A fundamental dogma of the conservative movement is that there is a huge segment of the American population who don't want to work but just want to take a dole paid for by taxpayers who do work.  That is the contention expressed in Romney's statement that 47 percent of Americans consider themselves victims and want the government to provide for them and Paul Ryan's statement that 30 percent of Americans are takers, not makers. This is a serious lie and insult to a huge segment of Americans.  There may be a small segment who desire a welfare state, but most people want honest jobs in which they will be treated with respect and provided fair compensation for their work.  The fact that they don't want to be treated like slaves, expendable human offal, by the likes of Mitt Romney and Paul Ryan doesn't mean they don't want to work and think that the state owes them a living.  In their minds, all the state owes them is to protect their opportunities and have the means to insure that they are treated fairly and respectfully in the work place.  When a man who was a leader in shipping jobs overseas and shrinking the market for honest labor in this county says 47 percent of Americans are shirkers and victims, he brings into question whether the ballot box is any longer the place where workers can appeal for any semblance of equity.  Mitt Romney and his kind have brought democracy to its knees.  His slandering of the 47 percent is the moral equivalent of what the Jews were subjected to in the Germany of the 1930s.  His campaign has extended the working class an invitation to insurrection.  
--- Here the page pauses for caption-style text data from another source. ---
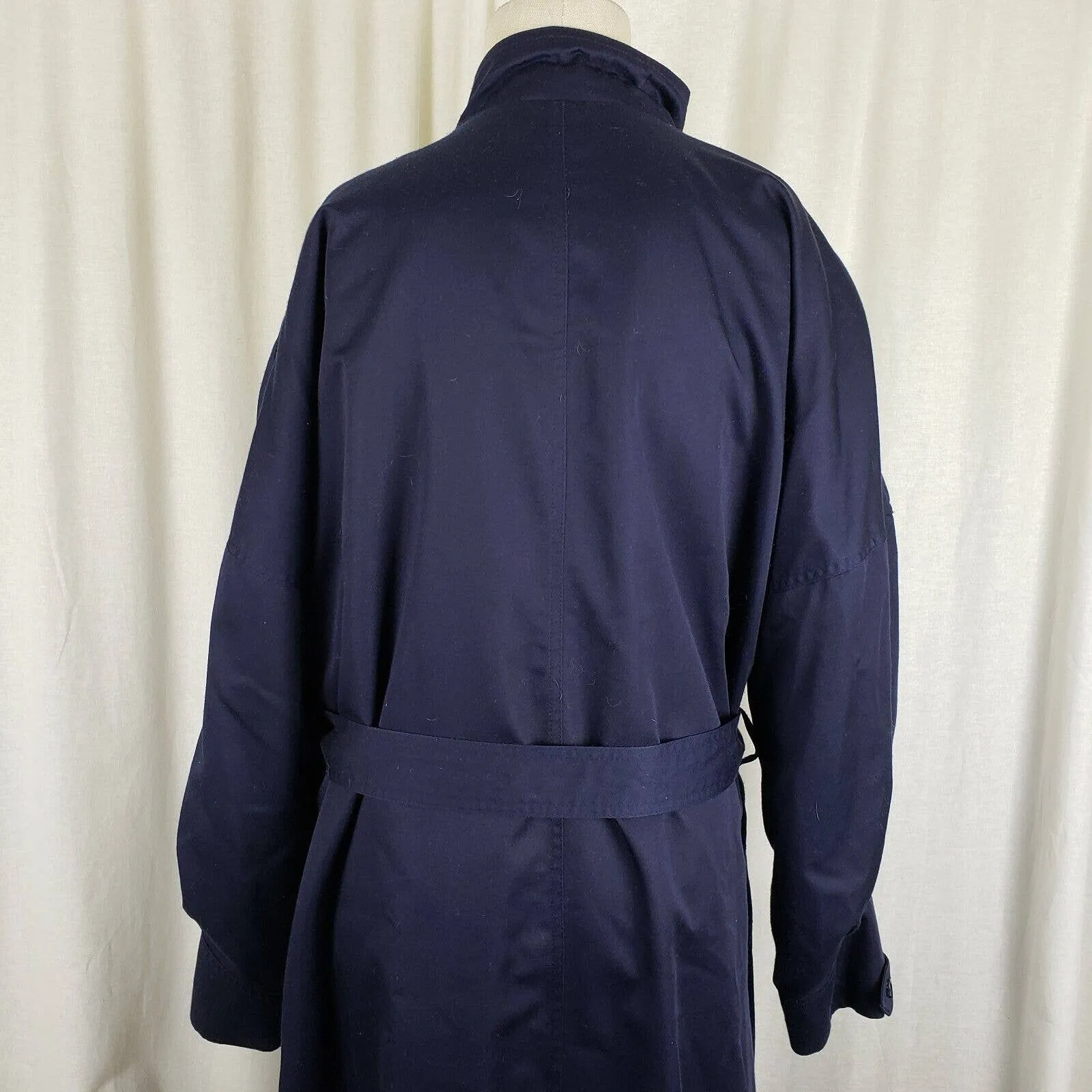 Arrivo 80s Belted Tie Cotton Trench Coat Wool Flannel Lined Womens 12 Ireland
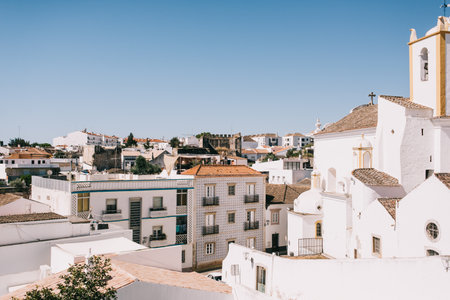 views of the buildings of the city of Tavira from the old castle next to the Santa Maria do Castelo...
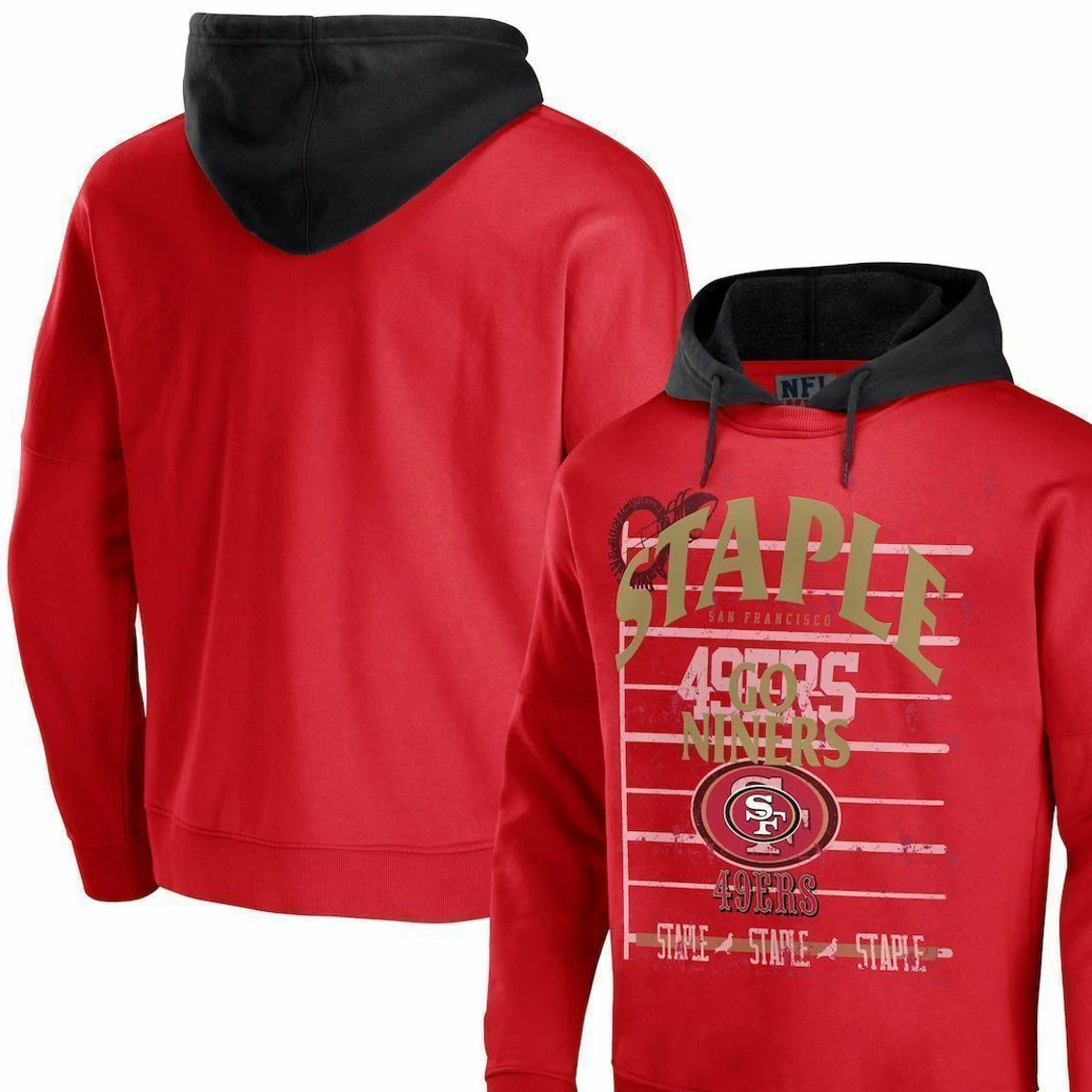 Staple Men's NFL X Red San Francisco 49ers Throwback Vintage Wash Pullover Hoodie 4 Staple Men's NFL X Red San Francisco 49ers Throwback Vintage Wash Pullover Hoodie - Image 2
His tactic is directly from the playbook of the world's most vicious dictators. 

It has been commented upon by the Columbian Journalism Review in terms of how it has become a challenge for the nation's press corps:  
The Romney campaign is employing a tactic that poses a crucial challenge to the press: attempting to win over late-deciding swing voters who have not been following the race with false and even previously debunked messages.
The touchstone issue in South Dakota for whether people will accept the rule of the one percent and the ten percent is in Referred Law 16.  It is a law submerged in shyster language, but its effect is to make teachers at-will employees with most South Dakota employees, subject to dismissal and disposal according to the prejudices and whims of their "superiors."  It openly discriminates against some academic disciplines by making favored ones eligible for more remuneration.  And it reduces teachers to the level of competing salesman who look to best their colleagues by selling more vacuum cleaners or used cars.

For informed voters, the outcome of that ballot issue will be point of decision about whether they wish to invest their interest and their children's live in the state any longer.  

The majority gets what it wants.  And it sends clear signals to the people it doesn't want, who will act accordingly.  

I make no predictions or recommendations.  I simply await the outcome, along with many people I know.